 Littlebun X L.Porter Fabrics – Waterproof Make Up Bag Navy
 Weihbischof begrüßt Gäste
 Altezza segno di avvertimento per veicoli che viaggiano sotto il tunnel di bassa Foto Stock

--

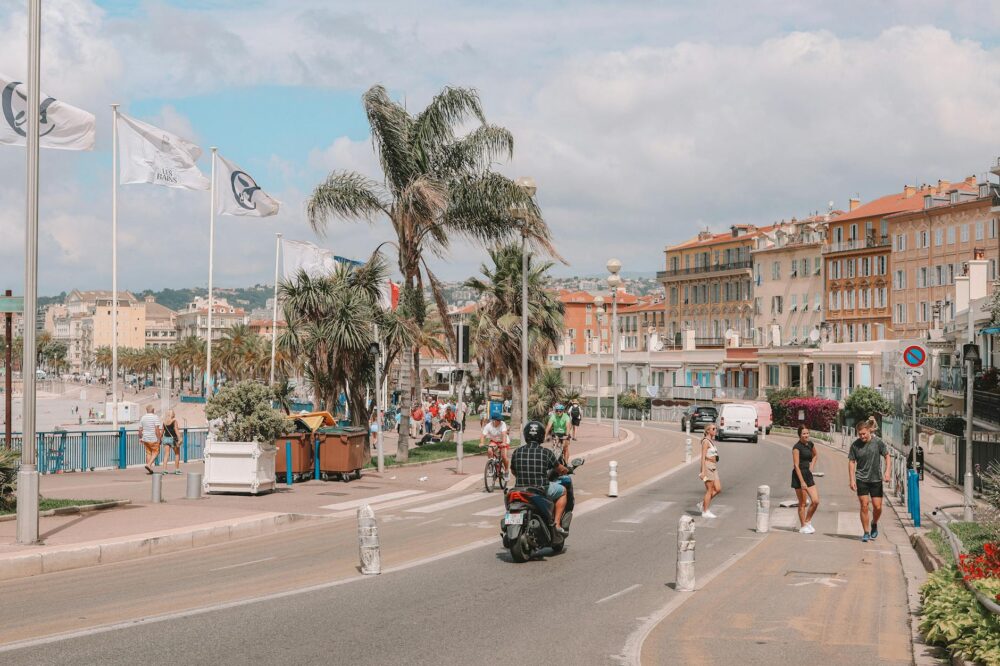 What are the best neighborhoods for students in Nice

● **WHAT TO PRODUCE**
Using the entries above, extract exactly the span from the line with "Littlebun X L.Porter" to the line with "Altezza segno di", both lines included; leave out everything else.

● **TASK RESPONSE**
 Littlebun X L.Porter Fabrics – Waterproof Make Up Bag Navy
 Weihbischof begrüßt Gäste
 Altezza segno di avvertimento per veicoli che viaggiano sotto il tunnel di bassa Foto Stock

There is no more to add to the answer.